Acórdão nº 5548/09.9TVLSNB.L1.S1 de Supremo Tribunal de Justiça (Portugal), 11 de Abril de 2013

Magistrado ResponsávelABRANTES GERALDES
Data da Resolução11 de Abril de 2013
EmissorSupremo Tribunal de Justiça (Portugal)

Acordam no Supremo Tribunal de Justiça: I – L.

intentou acção declarativa com processo ordinário contra BANCO E.

e A.

pedindo a sua condenação solidária no pagamento da indemnização de € 274.633,74 por danos materiais, € 100.000,00 por danos morais, juros de mora e sanção pecuniária compulsória no valor de € 50,00 por cada dia de atraso no levantamento das penhoras efectuadas, a partir do dia em que o Tribunal despache esse levantamento.

Alegou que o R. B. lhe moveu uma acção executiva, na qual a R. A. foi nomeada agente de execução. Para suspender os termos desta execução, o A. prestou caução que o Tribunal veio a admitir, sendo por isso ordenada a suspensão da instância executiva.

Por despacho subsequente foi ordenado o prosseguimento da execução, mas tal despacho foi alterado, sendo retomada a suspensão da instância, do que os RR. tiveram conhecimento.

Não obstante essa suspensão, a R. A., sob pressão do R. B. efectuou várias penhoras de bens da sua propriedade, de onde resultou ter-se frustrado a venda de um dos prédios e a impossibilidade de venda de outros, assim como a impossibilidade de utilizar um tractor agrícola e consequente necessidade de recorrer aos serviços de terceiros, com perda de lucros e de rendimentos.

Além disso, o conhecimento das penhoras por terceiros afectou a sua reputação, bom nome e crédito pessoais, tendo sido causa de imenso desgosto e revolta.

A R. A. defendeu-se por impugnação, refutando a existência de uma relação de comissão entre ela e o co-R. e afirmando que nunca recebeu a notificação do despacho que confirmou a suspensão da instância executiva.
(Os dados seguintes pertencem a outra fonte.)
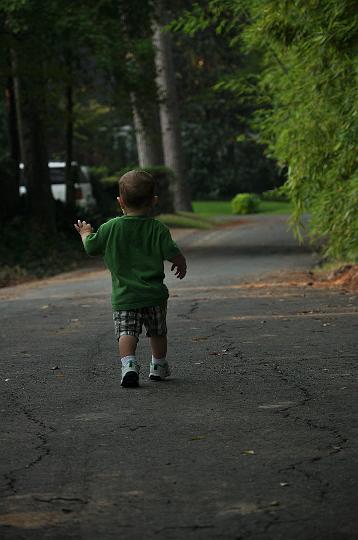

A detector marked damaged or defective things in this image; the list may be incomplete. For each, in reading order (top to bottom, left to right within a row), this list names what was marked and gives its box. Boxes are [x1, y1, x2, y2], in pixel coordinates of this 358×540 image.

crack in asphalt [1, 392, 56, 498]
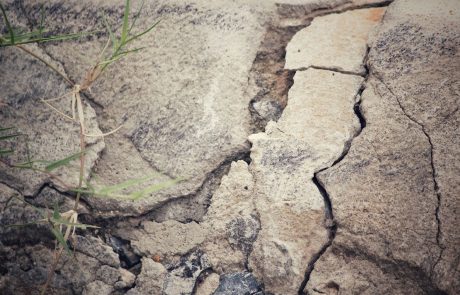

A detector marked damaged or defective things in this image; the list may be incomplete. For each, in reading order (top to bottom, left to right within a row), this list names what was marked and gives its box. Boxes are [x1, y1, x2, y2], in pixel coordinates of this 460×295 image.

broken concrete slab [286, 7, 386, 74]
Acrescentou que, firmada no despacho que ordenara o prosseguimento da execução e na sequência de solicitações insistentes do exequente, retomou as diligências de penhora, sendo que, assim que tomou conhecimento do lapso verificado, requereu de imediato o levantamento das penhoras efectuadas.

Concluiu que o seu comportamento se pautou pela boa fé e que o mesmo não contém os requisitos de ilicitude e culpa necessários à sua responsabilização nos termos do art. 483° do CC.

Por seu turno, o R. B. defendeu-se por impugnação, sustentando que não tem qualquer responsabilidade pelas penhoras efectuadas, refutando a veracidade dos danos alegados.

Efectuado o julgamento, foi proferida sentença que considerando aplicável ao caso o regime da responsabilidade civil extracontratual do Estado, regulado pelo Dec. Lei n.º 48.051, de 21-11-67, absolveu ambos os RR. do pedido, tendo em conta que apenas existira culpa leve.

O A. apelou da sentença e a Relação, aplicando ao caso o regime geral da responsabilidade civil extracontratual, manteve a absolvição do R. B. e condenou a R. A. no pagamento da quantia de € 30.000,00 por danos patrimoniais e de € 10.000,00 a título de danos não patrimoniais, acrescido de juros à taxa legal, até integral pagamento.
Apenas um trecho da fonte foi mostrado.